Om grip te krijgen op het wel en wee van beschermde soorten in de gebouwde omgeving, laten steeds meer gemeenten een soortenmanagementplan opstellen. Daarbij hoort een uitvoerige, gebiedsdekkende inventarisatie, waarbij ecologen het voorkomen van soorten in een groot gebied in kaart brengen.
Vleermuizen zwermen niet
Een soortenmanagementplan (SMP) is een heel mooi middel, maar haalt niet elke verblijfplaats boven tafel. Dat is niet binnen een SMP niet zo erg: we leren voldoende over de lokale populatie om deze op een proactieve manier te beschermen. Voor laatvliegers ligt dat anders. Om de verblijfplaatsen van vleermuizen op te sporen, zoeken ecologen vaak met een batdetector naar zwermende vleermuizen. Zwermen is het druk rondvliegen rond gebouwen. Vleermuizen zwermen voordat ze hun verblijfplaats binnen gaan. Zo kun je heel eenvoudig een verblijfplaats opsporen. Alleen: laatvliegers zwermen nauwelijks.
Zenderen biedt uitkomst, maar…
Om meer zicht te krijgen op de locatie van verblijfplaatsen, kiest Regelink Ecologie en Landschap er sinds een paar jaar voor vleermuizen te zenderen.

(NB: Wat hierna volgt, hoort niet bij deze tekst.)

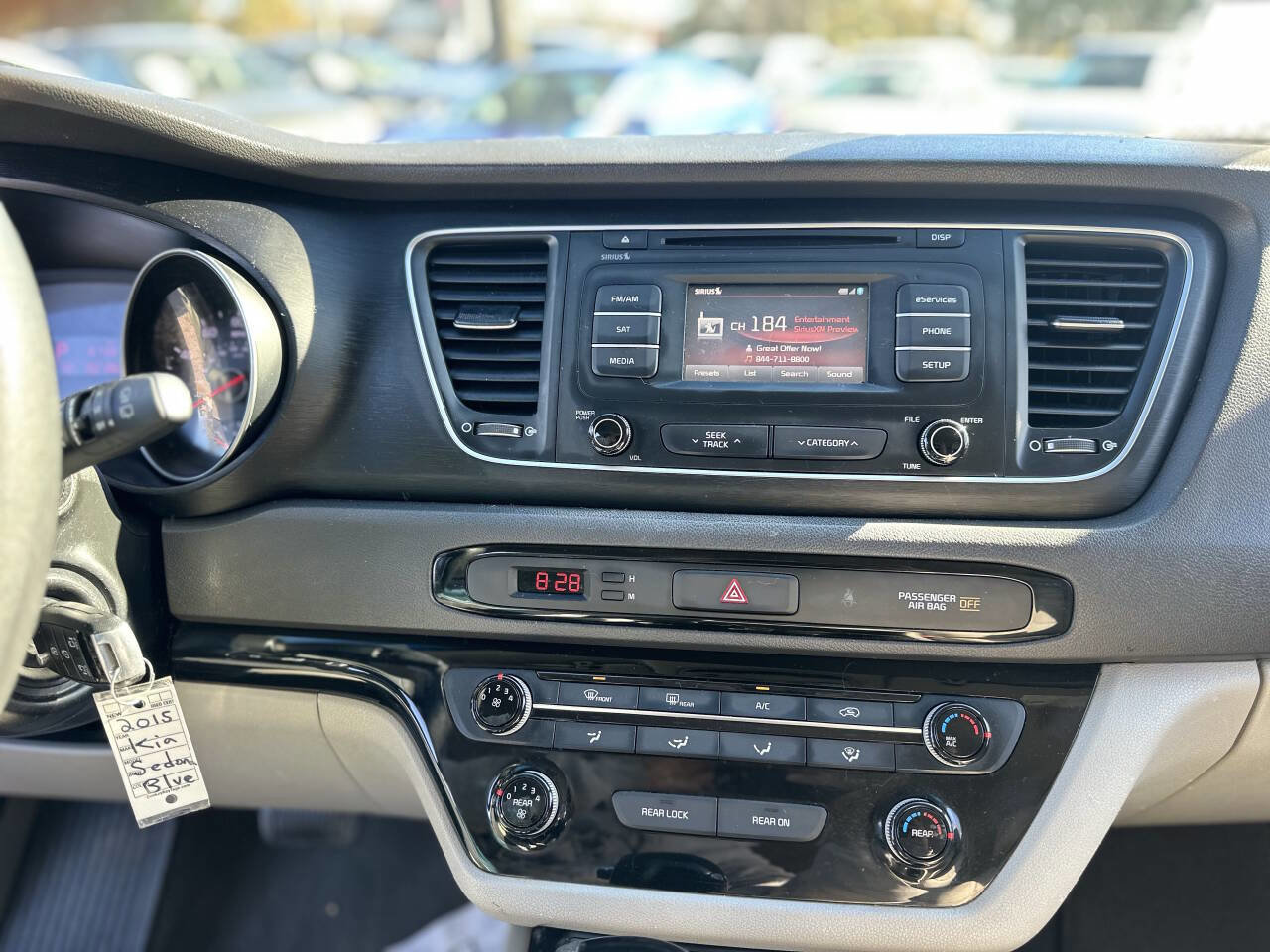 Used 2015 Kia Sedona LX w/ LX Convenience Package image 15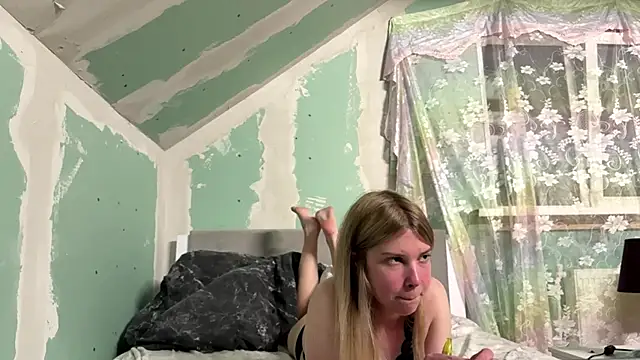 Skinny girl  online show from 05.25.26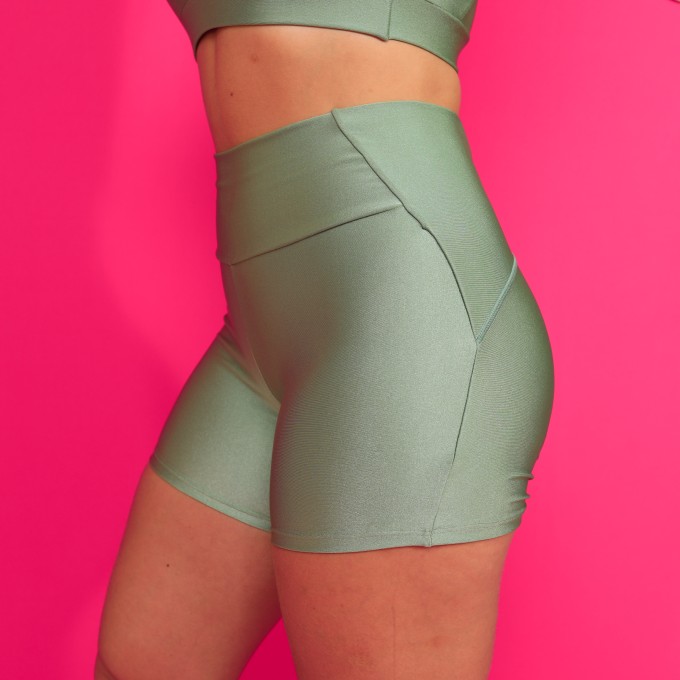 Short Fit Bolso Cós Shine Verde Alecrim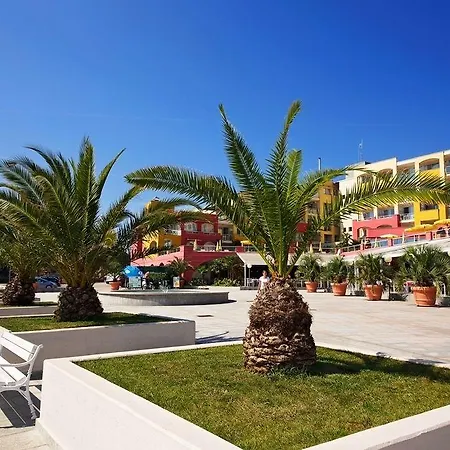 Апарт-отель Family Del Mar Банджоле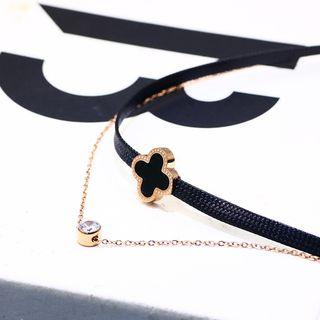 Clover Choker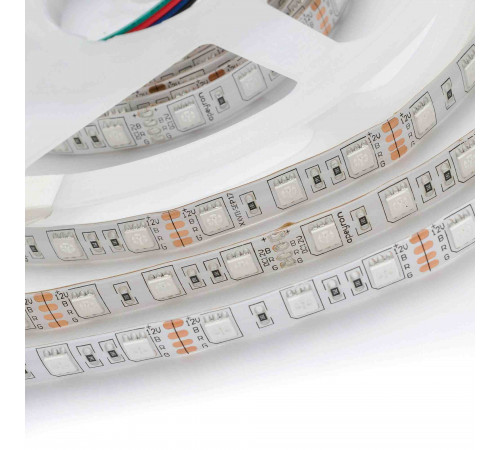 Светодиодная лента Apeyron 12В СТ 14,4Вт/м smd5050 60д/м IP65 5м RGB 00-12 Светодиодная лента Apeyron 12В СТ 14,4Вт/м smd5050 60д/м IP65 5м RGB 00-12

Zeker voor laatvliegers een uitkomst, maar zenderen blijft een hele opgave. Laatvliegers zijn lastig te vangen. Ze gaan vanuit hun verblijfplaats snel op weg naar hun foerageergebied, en die routes verschillen steeds. De groepen zijn ook klein, vaak maar maximaal enkele tientallen dieren.
Zo veel mogelijk leren
Lukt het dus om een laatvlieger te zenderen, dan wil je daar ook maximaal van leren. Daarom werken we sinds kort voor laatvliegers niet met losse zenders maar met zenders op halsbandjes. Die zenders blijven veel langer zitten: in plaats van weken kun je de vleermuizen nu maanden volgen. Zo vinden we niet alleen hun verblijfplaats van dat moment, maar kunnen we bovendien hun verhuisgedrag volgen. Zo kunnen we het netwerk aan verblijfplaatsen vastleggen.
Proef op de som!
In opdracht van de gemeente Tilburg namen we deze zomer de proef op de som. In tien avonden wisten we vijftien laatvliegers te zenderen, waaronder vijf vrouwtjes. Die vrouwtjes zijn belangrijk, want ze laten zien waar de kraamkolonies zich bevinden. De resultaten worden later dit jaar bekend.

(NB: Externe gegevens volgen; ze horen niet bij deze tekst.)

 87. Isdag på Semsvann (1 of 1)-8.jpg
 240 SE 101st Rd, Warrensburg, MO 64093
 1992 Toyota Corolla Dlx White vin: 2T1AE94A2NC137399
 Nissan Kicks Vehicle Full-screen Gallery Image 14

Meer inzicht is meer bescherming
Zenderonderzoek geeft niet alleen een gemeente meer inzicht in lokale verblijfplaatsen. Meer inzicht in de ecologie helpt ons ook laatvliegers beter te beschermen. Zo maken laatvliegers bijna geen gebruik van vleermuiskasten. Als verblijfplaatsen van vleermuizen door bijvoorbeeld isoleren verdwijnen, dan worden deze kasten aangeboden als alternatief. Met de verduurzamingsopgave in het achterhoofd, is het dus heel belangrijk dat we leren op welke manier we alternatieve verblijfplaatsen kunnen aanbieden. Zenderonderzoek helpt daarbij.